(What the exercise asks)
Given these entries, repeat exactly the lines starting with the one that has "Pokeeto jugador Real Betis Balompie" and going on through the one that has "UGG-Women Shoes Code: JS1392 $: 75USD", both included, but none of the pictures.
(Data records Opens)
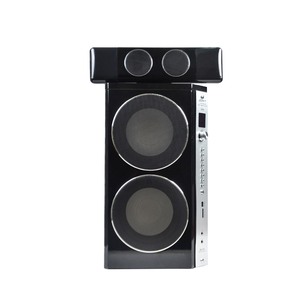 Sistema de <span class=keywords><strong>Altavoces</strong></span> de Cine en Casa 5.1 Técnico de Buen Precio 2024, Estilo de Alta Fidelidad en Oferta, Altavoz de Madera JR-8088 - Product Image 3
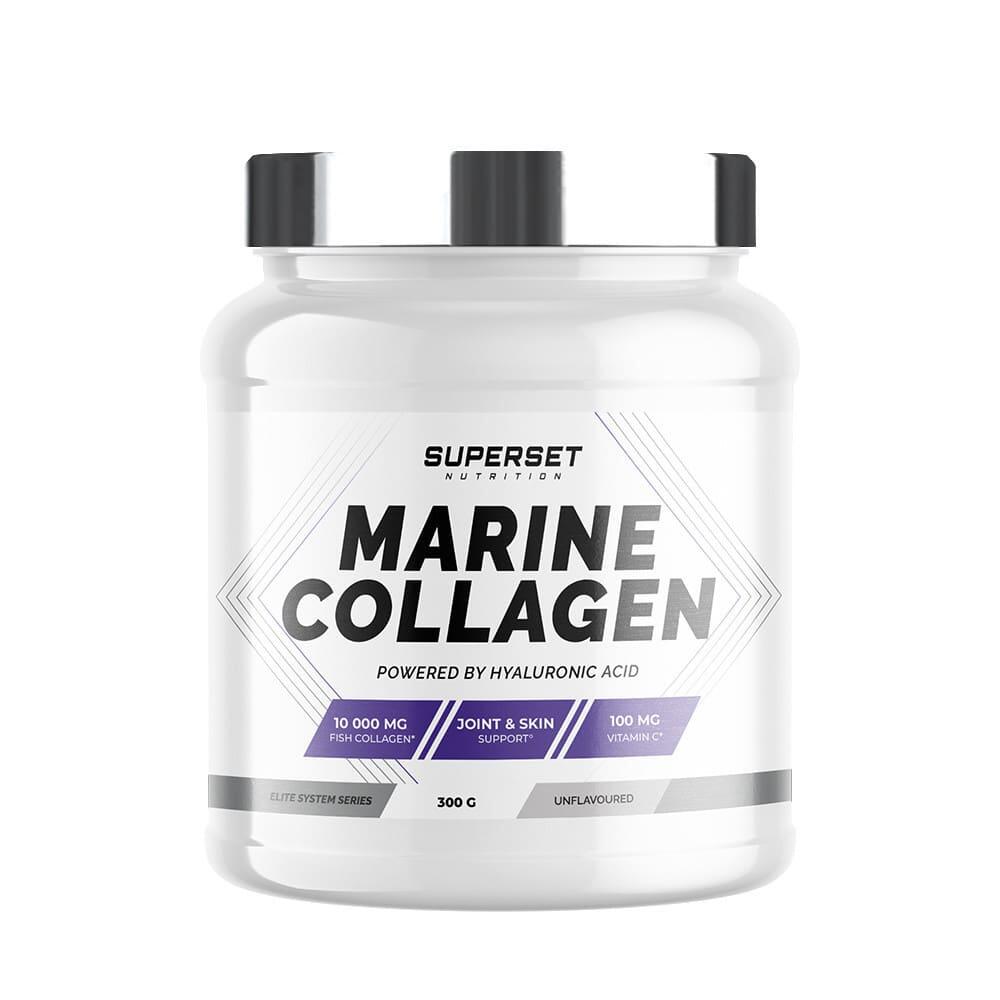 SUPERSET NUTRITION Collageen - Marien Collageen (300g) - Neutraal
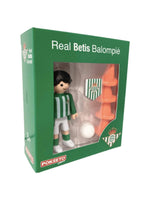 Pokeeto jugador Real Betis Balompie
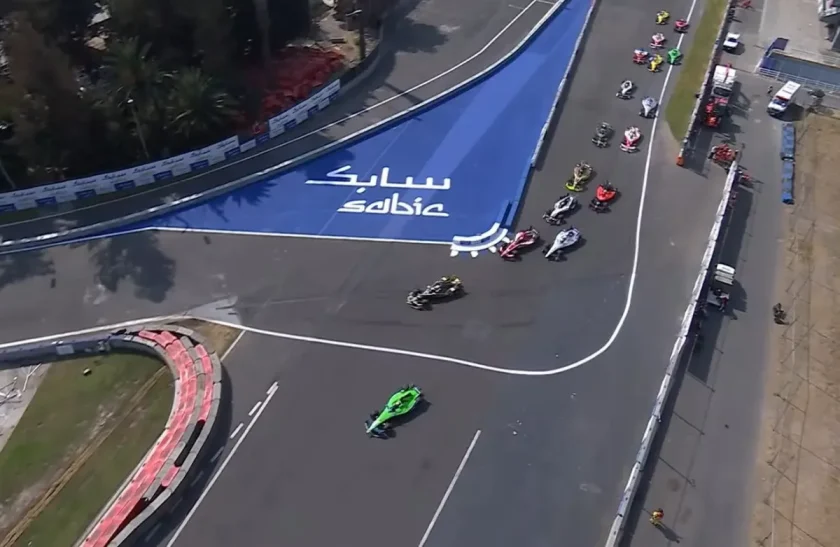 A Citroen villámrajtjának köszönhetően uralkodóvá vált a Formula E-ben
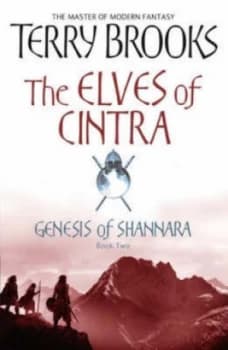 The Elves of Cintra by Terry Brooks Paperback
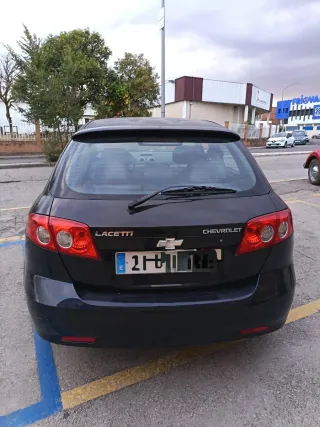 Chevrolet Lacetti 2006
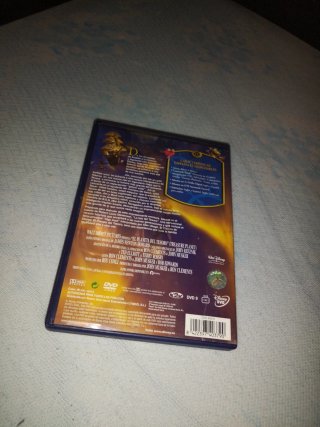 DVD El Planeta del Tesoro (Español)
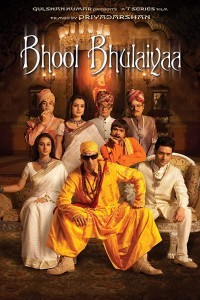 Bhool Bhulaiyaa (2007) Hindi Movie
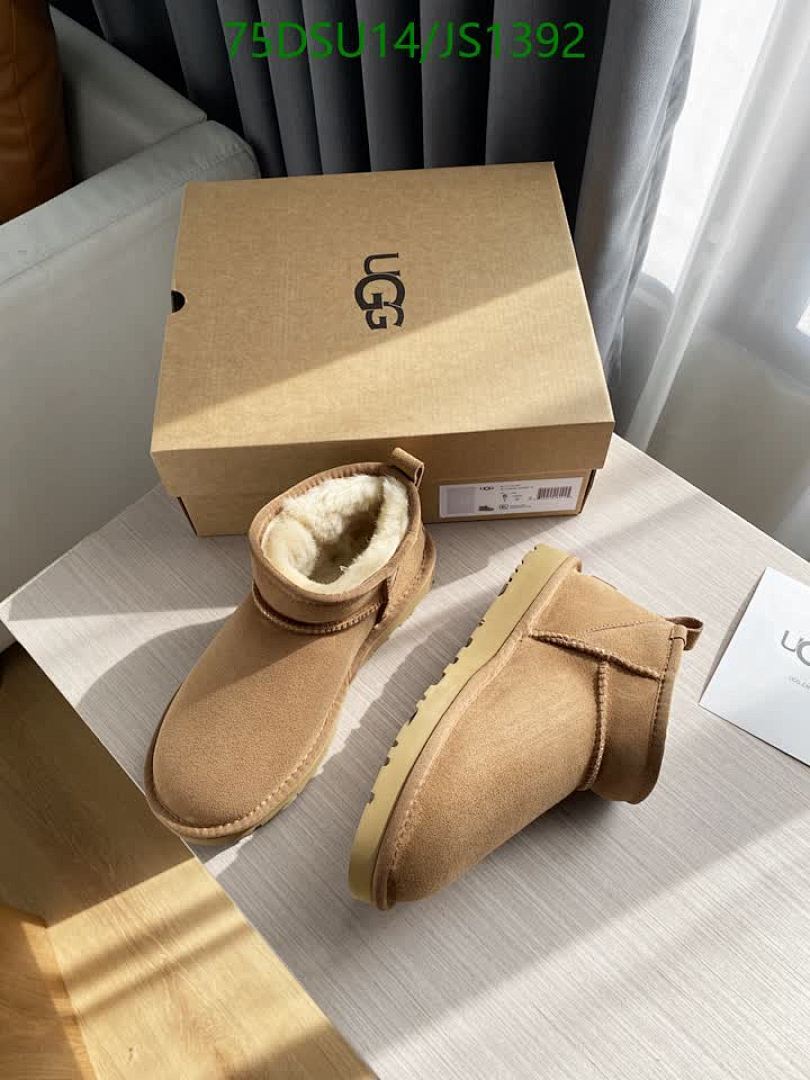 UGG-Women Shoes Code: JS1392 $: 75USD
(Data records Closes)
(Data records Opens)
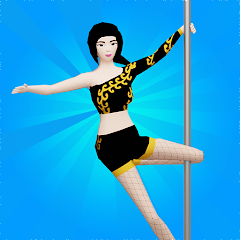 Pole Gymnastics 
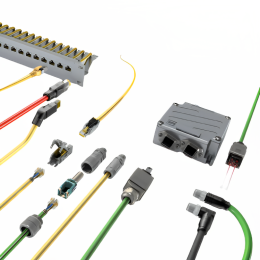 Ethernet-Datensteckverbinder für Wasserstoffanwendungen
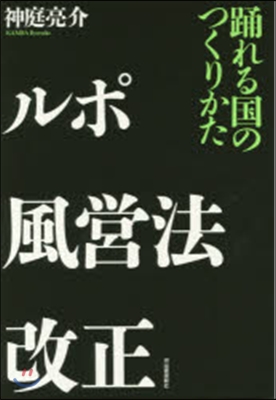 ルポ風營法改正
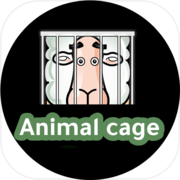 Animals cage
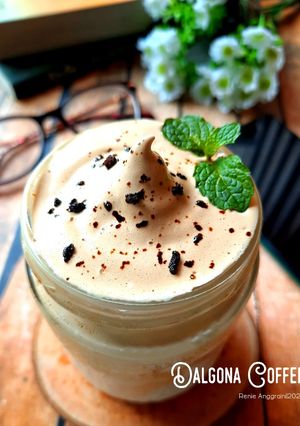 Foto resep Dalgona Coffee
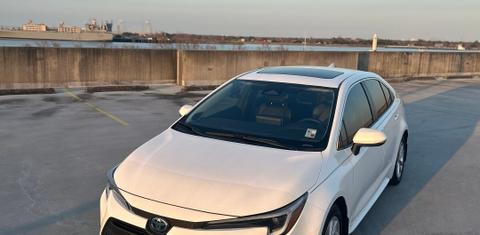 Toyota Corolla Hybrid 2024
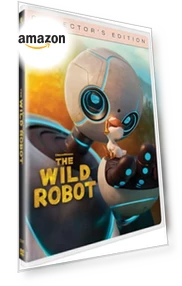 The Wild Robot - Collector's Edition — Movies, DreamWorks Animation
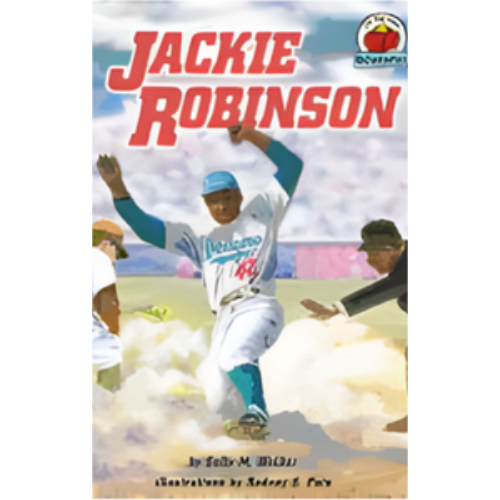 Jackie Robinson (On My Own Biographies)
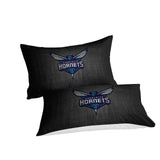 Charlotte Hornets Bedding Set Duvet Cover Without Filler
(Data records Closes)
(Completed task)
 Pokeeto jugador Real Betis Balompie
 A Citroen villámrajtjának köszönhetően uralkodóvá vált a Formula E-ben
 The Elves of Cintra by Terry Brooks Paperback
 Chevrolet Lacetti 2006
 DVD El Planeta del Tesoro (Español)
 Bhool Bhulaiyaa (2007) Hindi Movie
 UGG-Women Shoes Code: JS1392 $: 75USD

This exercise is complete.